The exact nature of what he blew the whistle on has been kept secret by the court.
But it is understood that it relates to irregularities and concerning aspects of the Brumbies sale of its headquarters at Griffith, and subsequent move to the University of Canberra.
A KPMG report into the transactions is understood to contain explosive allegations, and is a key source of tension. The contents of the report, which is the subject of an ongoing Australian Federal Police investigation, remain suppressed by the court.
The ACT Supreme Court agreed to give Mr Jones whistleblower protection on March 22, preventing the Brumbies from standing him down, and gagging the club or the other parties from acting on or discussing his employment publicly.
The Brumbies hit back a short time later, bringing the matter back to court seeking to dissolve the injunction that protects Mr Jones.
They argued he should never have been deemed a whistleblower for a range of reasons, including that his disclosures weren't serious enough, and didn't identify any individual public official responsible. It was also argued that there was no evidence of a causal connection between what Mr Jones disclosed, and the club's decision to stand him down.
Justice Refshauge ruled in Mr Jones' favour on Thursday morning.

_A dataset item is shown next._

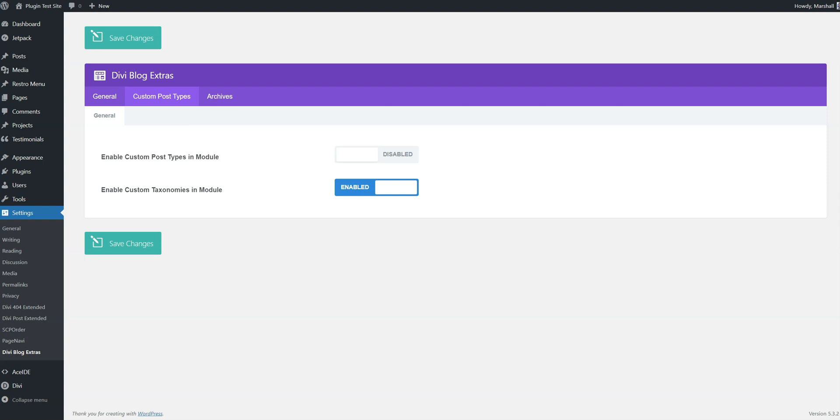DB blog extras can be used to display posts by tags instead of categories. This is how we do that.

"Accordingly, I am satisfied that, taken as a whole, the decision of the board shows, to the relevant degree, that it was taken because of the public interest disclosures made by Mr Jones, at least as a dominant factor, and that this is sufficient to the purpose of the interlocutory proceedings," Justice Refshauge wrote.
But he also varied the orders, adding a new order that said the Brumbies board could exercise its rights to terminate Mr Jones' contract, as long it is not related to his disclosures about the Griffith sale.
"It is noted that, provided five working days' notice is given in writing to the Plaintiff [Mr Jones], the [the Brumbies board]is not restrained...from exercising any rights it may have under the contract of employment between it and the Plaintiff to terminate the contract consistent with its terms other than for any reason related to the public interest disclosures made to Professor Stephen Parker or Mr David Dawes," Justice Refshauge wrote.
Canberra club rugby presidents have called for an extraordinary general meeting to seek answers from the board about its decision on Mr Jones' future and how it has handled the proceeds of an $11.375 million sale of its former Griffith base.
Part of the sale was supposed to be used to set up a trust fund to give financial support to Canberra's club competition. But the fund was never set up and the proceeds of the sale have almost disappeared.
The club rugby presidents hold the balance of power in the Brumbies' boardroom, boasting 14 of a possible 23 votes.
Mr Jones has met with the presidents and it is believed officials have seen the contents of the KPMG report. Presidents called for the EGM with two agenda items - a special resolution to dissolve the board and a normal resolution to elect new directors.
Justice Refshauge's decision is set to turn the blowtorch on the board given it attempted to remove Mr Jones from his position a month ago.
Mr Jones was told to hand over his keys to the Brumbies office, his work laptop and had his business credit card cancelled when he was stood down indefinitely.
Brumbies chairman Robert Kennedy attended the Brumbies office the following morning to inform staff that the search for a new chief executive would start immediately.
But Mr Jones gained an injunction just hours later and was back behind the desk less than two days after the board tried to stand him down.